Article 67 RGPD : l'échange d'informations décrypté

Article 67 RGPD : l'échange d'informations entre autorités. Système IMI, actes d'exécution, format standardisé, articulation Art. 60-66.

Quand la CNIL formule une objection contre un projet de décision de l’autorité irlandaise dans un dossier Meta, quand le Garante italien sollicite l’assistance de ses homologues sur ChatGPT, quand le Comité européen vote une décision contraignante à 1,2 milliard d’euros — tout cela transite par un même canal technique : le système IMI. C’est l’article 67 du RGPD, l’un des plus discrets du règlement, qui fonde cette infrastructure. Sans lui, le mécanisme de coopération de l’article 60 et le mécanisme de cohérence de l’article 63 resteraient des principes sans tuyaux. Voici ce que dit réellement cette disposition, et pourquoi elle compte plus qu’il n’y paraît.

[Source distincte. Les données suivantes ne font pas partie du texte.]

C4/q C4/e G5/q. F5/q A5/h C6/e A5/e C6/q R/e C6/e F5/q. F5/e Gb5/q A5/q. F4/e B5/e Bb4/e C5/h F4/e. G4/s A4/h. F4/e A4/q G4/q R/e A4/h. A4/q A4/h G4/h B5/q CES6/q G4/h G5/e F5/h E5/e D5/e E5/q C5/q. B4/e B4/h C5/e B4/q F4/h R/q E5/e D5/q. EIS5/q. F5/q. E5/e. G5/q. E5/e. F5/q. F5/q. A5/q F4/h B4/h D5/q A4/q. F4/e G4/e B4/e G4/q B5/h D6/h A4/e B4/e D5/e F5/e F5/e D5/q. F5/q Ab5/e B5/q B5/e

Ce que dit l’article 67 du RGPD

L’article 67 est constitué de deux phrases — il referme la section 2 du chapitre VII consacrée à la cohérence, après les articles 63 à 66. Il dispose : « La Commission peut adopter des actes d’exécution de portée générale afin de préciser les modalités de l’échange d’informations par voie électronique entre les autorités de contrôle et entre les autorités de contrôle et le comité, notamment le format standardisé visé à l’article 64. Ces actes d’exécution sont adoptés en conformité avec la procédure d’examen visée à l’article 93, paragraphe 2. »

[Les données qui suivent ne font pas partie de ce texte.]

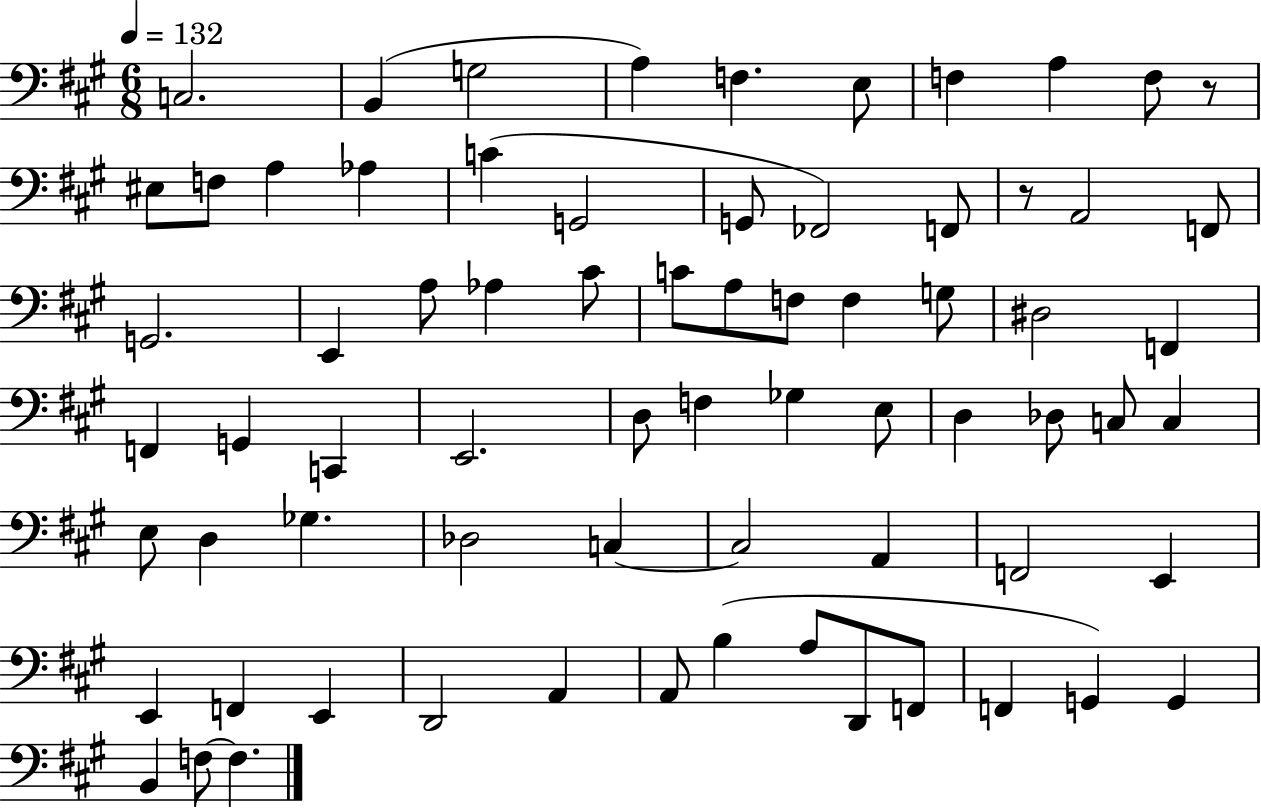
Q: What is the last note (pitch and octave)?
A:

Trois éléments structurent ce texte : une habilitation (la Commission peut adopter des actes d’exécution), un objet (préciser les modalités de l’échange d’informations par voie électronique entre autorités de contrôle, et entre autorités et Comité européen de la protection des données, notamment le format standardisé de l’article 64), et un renvoi procédural (la procédure d’examen de l’article 93(2), c’est-à-dire la comitologie).

À la différence de la plupart des articles du RGPD, l’article 67 ne s’adresse ni aux responsables de traitement, ni aux sous-traitants, ni même directement aux autorités de contrôle : il s’adresse à la Commission européenne, à laquelle il confère une compétence d’exécution. C’est une disposition d’infrastructure, qui organise la plomberie électronique de la coopération transfrontalière. Sa brièveté est, là encore, trompeuse : c’est elle qui rend matériellement possible la production des avis Art. 64 et des décisions contraignantes Art. 65 qui ont structuré l’enforcement européen depuis 2018.

Le système IMI : l’infrastructure réelle de la coopération

Dans la pratique, le canal d’échange d’informations entre autorités de protection des données est le système IMI (Internal Market Information System — Système d’information du marché intérieur). Ce système n’a pas été créé par le RGPD : il préexistait, institué par le règlement (UE) n° 1024/2012 du 25 octobre 2012 (dit « règlement IMI »), qui a abrogé la décision 2008/49/CE de la Commission. L’IMI est une application sécurisée permettant aux autorités nationales, régionales et locales des États membres — ainsi que de l’Islande, du Liechtenstein et de la Norvège — de communiquer rapidement entre elles et avec la Commission sur les dossiers de marché intérieur, en surmontant les obstacles pratiques liés aux différences de langue, de culture administrative et d’identification des interlocuteurs.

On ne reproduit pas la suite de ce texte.